Beavers: Progress towards solutions

Posted on Categories News

Participants in the Beaver Workshop assembled a pond leveler device, which will be deployed at a dam to reduce the flooding impacts of beavers.

On December 6th, 2019, WSU Puyallup (Farming in the Floodplain Project) along with co-hosts Pierce Conservation District, Washington Department of Fish and Wildlife, South Sound Beaver Recovery, and Beavers Northwest hosted a workshop for organizations who work with landowners and encounter beaver challenges.

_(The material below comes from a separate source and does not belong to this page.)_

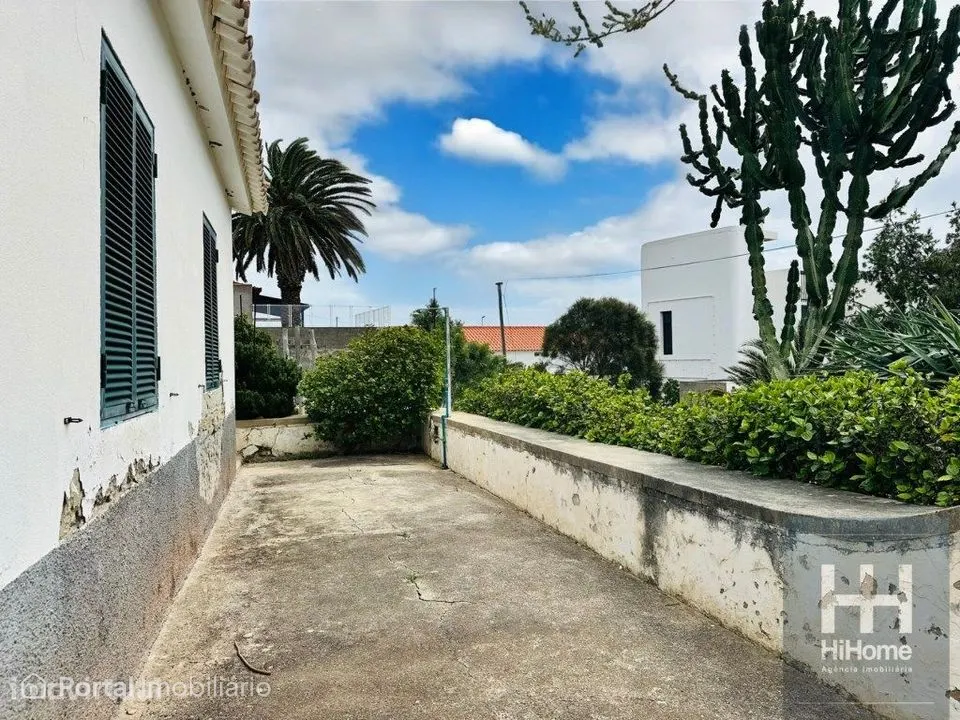 Moradia T4 com terreno de 1800 m2 na Ilha do Porto Santo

A main goal of the workshop was to offer resources for landowners who are experiencing impacts of beaver activity on their property, including on- site solutions or beaver relocation. This workshop advanced knowledge on beaver and ecosystem management, HPA permitting and process, advanced efforts towards developing solutions for landowners, and offered a hands-on opportunity to build a pond leveler for future deployment at a beaver dam. The event recap is available here. Additional resources are below.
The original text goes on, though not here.